Interview with Tim Gregory, Co-director of The Strange Case of Salman abd al Haqq

Posted by at 2:42PM

The Strange Case of Salman abd al Haqq premieres this Wednesday, April 18th at 8PM in Cubberley Auditorium. Don’t miss this important moment in Stanford student filmmaking and in the Stanford student body’s response to America’s torture scandals.
View the Trailer:

The first revelations of America’s torture of prisoners in Abu Ghraib and Guantanamo Bay shocked many in the Stanford community. Even more shocking were revelations by the ACLU and others that the use of torture (including approval of specific techniques) was sanctioned at the highest levels of the Bush administration. Then came news that the CIA, notorious for using the most “aggressive” techniques, was operating secret prisons abroad. And as if that wasn’t enough, the US government was also shipping prisoners to other countries notorious for their sanctioning of torture, such as Egypt, Jordan, Syria, Morocco and Uzbekistan. This extra-judicial process of holding prisoners in other countries is known as “extraordinary rendition,” or as some would call it, “the outsourcing of torture.”
With our government’s commitment to human rights crashing down around us, one would hope — no, one would expect — that there would be some kind of artistic processing of the phenomenon from the Stanford community. A new film by Tim Gregory and Jeff Orlowski, entitled The Strange Case of Salman abd al Haqq, is exactly this sort of artistic processing. It is a forceful protest, in hopes that the American people and our elected representatives might begin to understand this moral crisis, and then really confront it.
To learn more about the film and the thinking behind it, I sat down for a few minutes with Tim Gregory, co-director, to discuss how it came to be.
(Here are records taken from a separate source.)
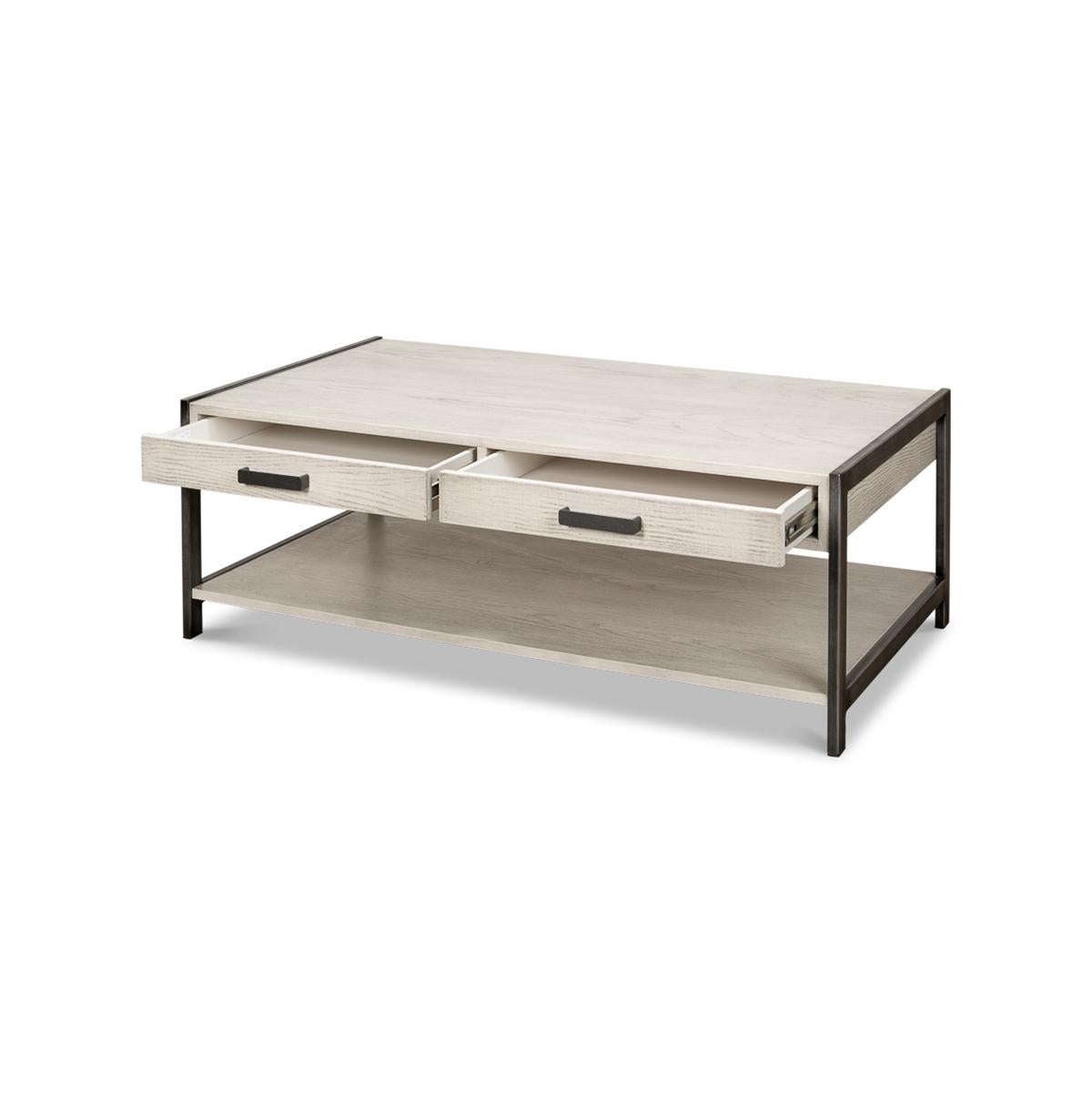 Asian Modern Industrial Coffee Table For Sale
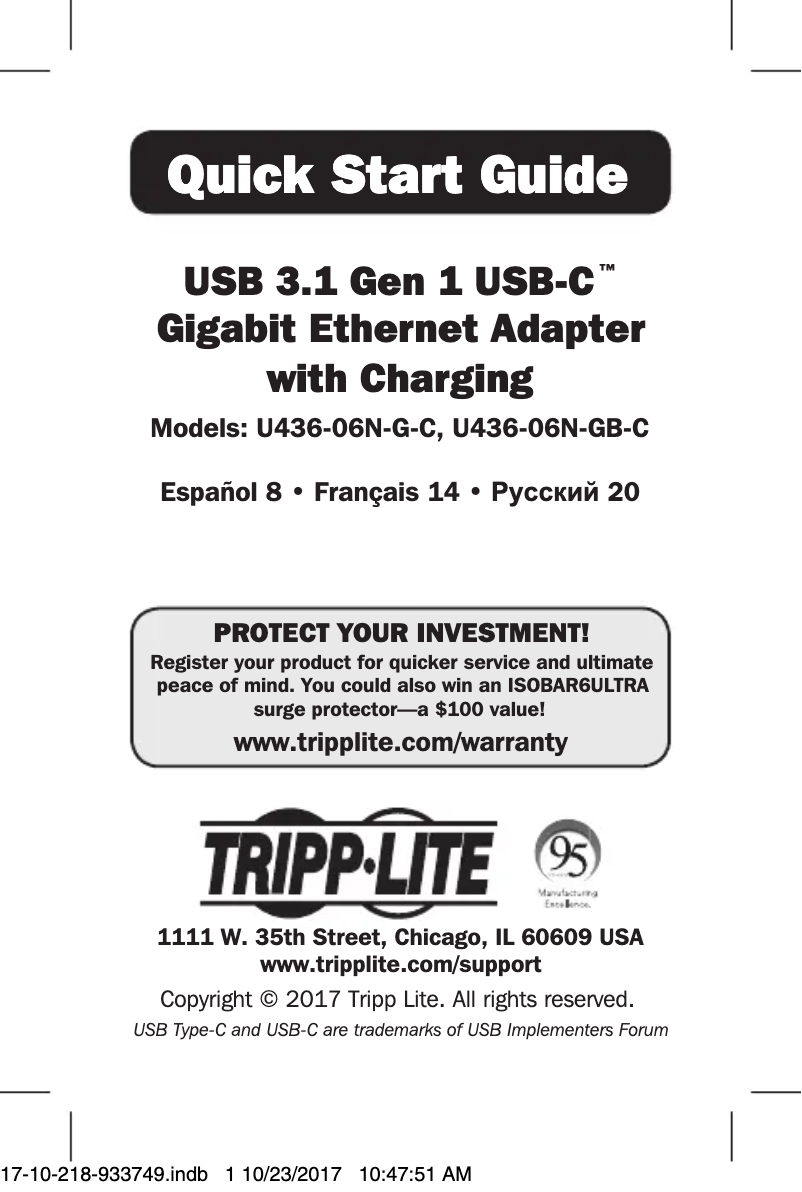 Page 1 de la notice Manuel utilisateur Tripp Lite U436-06N-G-C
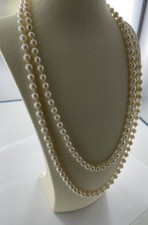 Akoya Cultured Pearls; 5-5.5mm - 14k Gold Clasp 40” Rope Length Vintage picture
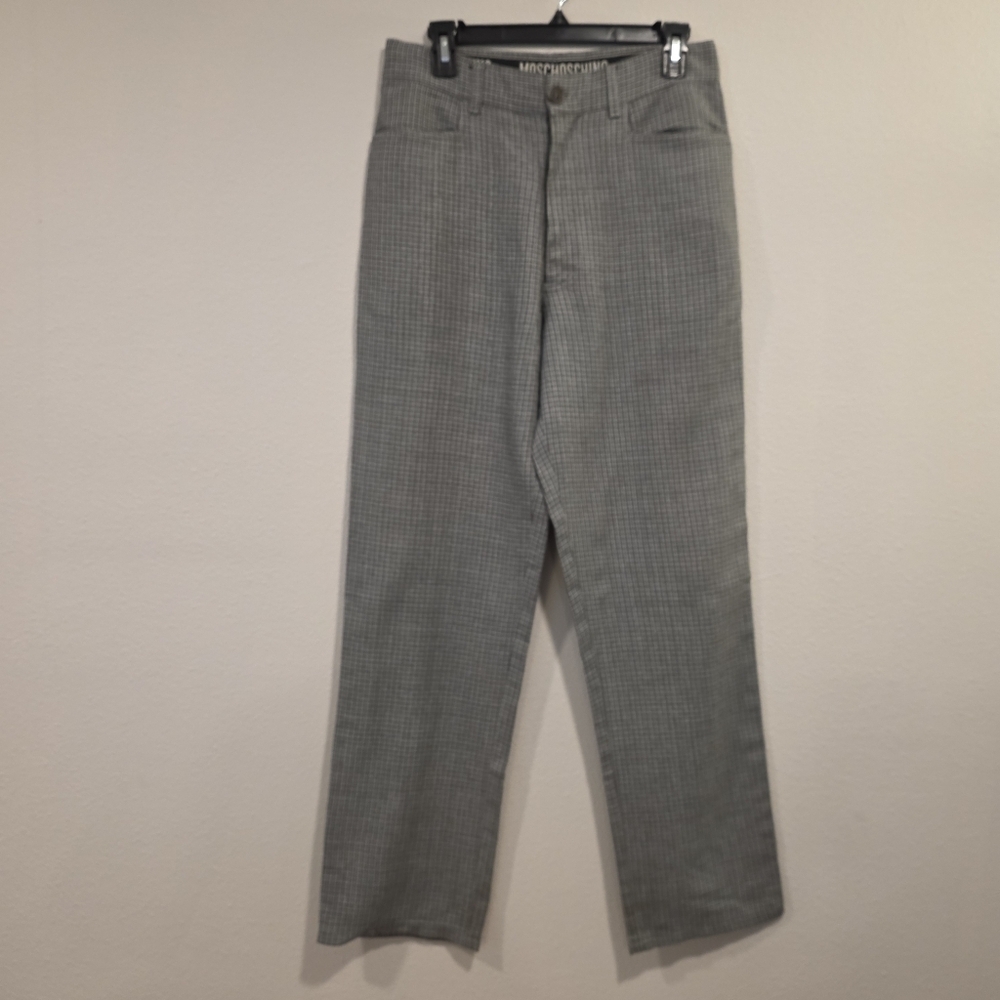 Moschino Vintage Gray Wool Blend Houndstooth Pants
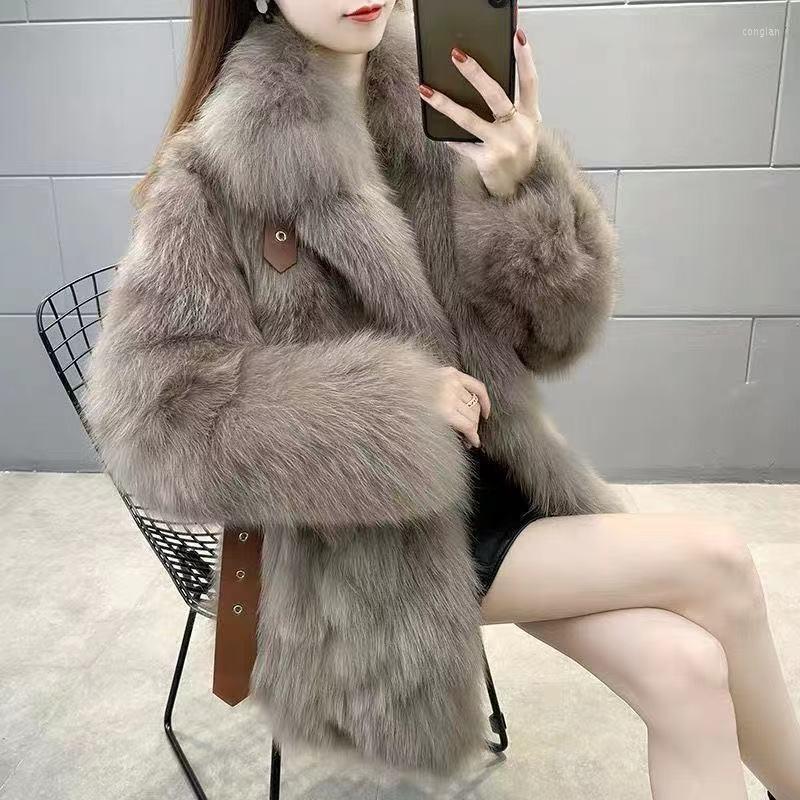 

Women' Fur Winter Fashion Coat Women Korean Mid-Length Plush Pocket Imitated Mink Hair Warm Jacket Ladies Loose Outerwear H2614, White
Blog for Stanford: Hey Tim, how are you doing?
Tim Gregory: I’m good, just busy trying to finish the last bits of film editing.
BFS:Can you tell us a little bit about the film’s story line?
TG: The film tells the story of our titular fictional character Salman, and it does so in essentially two ways. The first is a chronological account of his time in an Egyptian prison cell where he is questioned about his potential links to a terror cell. Meanwhile, we have flashbacks to the main events in his life that led him up to this point. This is where the audience learns more about his back-story and can try to piece together an idea of whether he is guilty or innocent.
BFS: Who’s idea was it to create the film? Can you say a little bit about how the filmmaking process went?
TG: The process began about a year ago when I stumbled upon a few news stories and decided this would be my next film project. I started moving quite fast on it because I felt that this was an urgent topic that needed to be addressed as soon as possible. Shortly after the screenplay was written, I attached Jeff Orlowski as a co-director and then went about casting. I then took a break for the summer, polished the script and we started shooting in October 2006. Generally speaking, I was more responsible for the story and character direction, while Jeff would pay closer attention to the cinematography and the overall look of the film. It was a very efficient relationship.
BFS: You said that this film is based on the testimony of victims of the U.S. government’s practice of “extraordinary rendition.” Can you say more about the testimony you used or about some of the victims whose stories you wanted to tell?
TG: There are between 5 and 10 well-publicized instances of this practice although the CIA has admitted to arresting over 100 suspects and rendering them to countries where they may be tortured. Of course some of these suspects are guilty – and in The Strange Case, there is plenty of doubt about Salman’s innocence – but that is not really the point. The point is that this is an extralegal procedure and that the US intelligence services are encouraging or supervising torture before suspects are proven guilty. Most of the screenplay was inspired by the testimony of two people. Maher Arar is a Canadian who was arrested at JFK airport, tortured in Syria and returned after it was decided he had no information to give up. Abu Ali is an American citizen who was tortured by Saudi authorities, supposedly with the consent of the United States, and subsequently convicted here in America, with his confession from Saudi Arabia admitted as evidence.
BFS: What do you hope to accomplish with the film? What do you want people to take away from the screening?
TG: First and foremost I want them to understand what torture actually looks like. The film is very graphic not because Jeff and I are sadistic people but because, in my opinion, news stories with terms such as “extraordinary rendition”, “physical abuse”, “sleep deprivation” are not enough. If people are to realize that a civilized society should not torture then they have to SEE how uncivilized it really is. Once they can see that, then it’s up to people to decide whether or not torture is still an acceptable cost for our supposed security in the War on Terror and I don’t want to force people to think either way. The important thing is that they are given the full picture in which they can say, “these people could be guilty or they could be innocent, this is an option, these are the chances that it will work; is it worth it?”
BFS: Thanks for talking with me today. I saw the film and thought it was extraordinary, especially for a student film. Congratulations.
TG: Thanks a lot, it was my pleasure to speak with you. Take care.